- Honour Roll
Carmen Lawrence was born on 2 March 1948, in the small wheatbelt town of Morowa, north of Perth, where her parents were farmers. She was one of seven children and the family were very poor. She was educated at the Dominican Ladies College in Dongara, Marian Convent in Morawa and Santa Maria College in Attadale. At the University of Western Australia, she was awarded a Bachelor of Psychology with first class Honours and a Doctorate of Philosophy.

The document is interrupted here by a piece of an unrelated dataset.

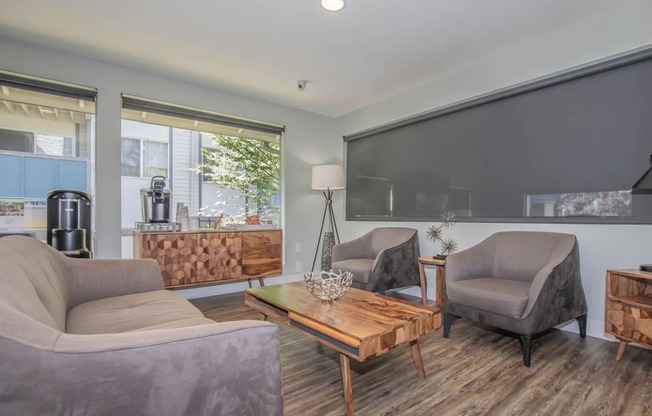 Inside the renovated leasing office at Foster Creek apartments with gray couches and chairs and a wooden coffee table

From 1969, she worked as a research assistant, university tutor, lecturer and research psychologist and worked in the Department of Health in research. One of Carmen's early political activities was as a founding member of the Women's Electoral Lobby in 1972. This was a highly influential and well-organised group which lobbied government on issues such as equal pay, childcare, parental leave and abortion law reform.

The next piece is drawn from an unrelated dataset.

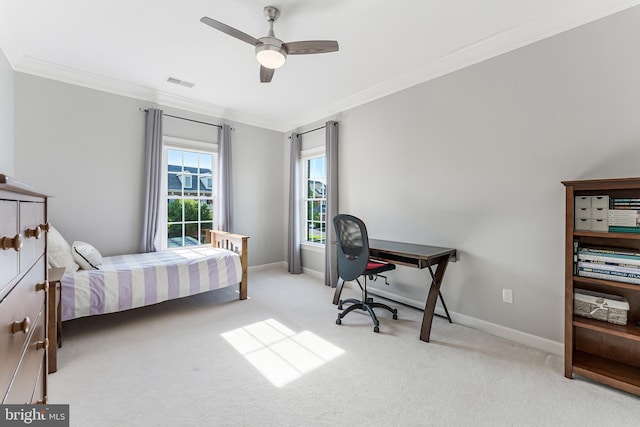 carpeted bedroom with visible vents, a ceiling fan, baseboards, and crown molding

Her first foray into politics gave her an unfavourable impression. In 1982, Carmen became Vice-President of the Subiaco Wembley branch of the ALP. She unsuccessfully contested the Liberal seat of East Melville in 1983. In 1986, she was elected to the Legislative Assembly as the first Labor MLA for Subiaco for 30 years. In 1985, she became a member of the influential ALP Administrative Committee and a proxy delegate for the 1986 ALP National Conference. Somehow she managed to stay non-aligned to any factions during her career; she believed the faction system was 'undemocratic'.
After only two years in the Western Australian Parliament she became a member of the Dowding Ministry in February 1988, as Minister for Education and Aboriginal Affairs. In February 1990, Carmen became Australia's first woman premier but, after a series of resignations and ministerial changes, found herself leading a government without a majority in either house of parliament.
As Premier, she established the Royal Commission into the Commercial Activities of Government and Other Matters (dubbed 'WA Inc.') whose findings proved devastating to her party. A year after losing the 1993 election Carmen resigned from State Parliament. In 1994, she won the seat of Fremantle in the Federal Parliament and became the Minister for Human Services and Health and then Minister Assisting the Prime Minister for the Status of Women in the Keating Government.
In 1994, Carmen Lawrence and Joan Kirner were instrumental in persuading the ALP to adopt a platform that would guarantee women preselection for 35% of winnable seats by the year 2002. Carmen was the subject of a Royal Commission set up by the WA Court Government, over allegations of her role in what became known as the 'Easton Affair'. She was acquitted by the jury of all the charges.
Throughout her career she has been a strong advocate for the rights of woman, children, victims of abuse and the mentally ill. She has been involved in 'EMILY's List' which aims to support women aspiring to politics. She wrote a book on the woman's vote and has been outspoken on the way media portray women in politics.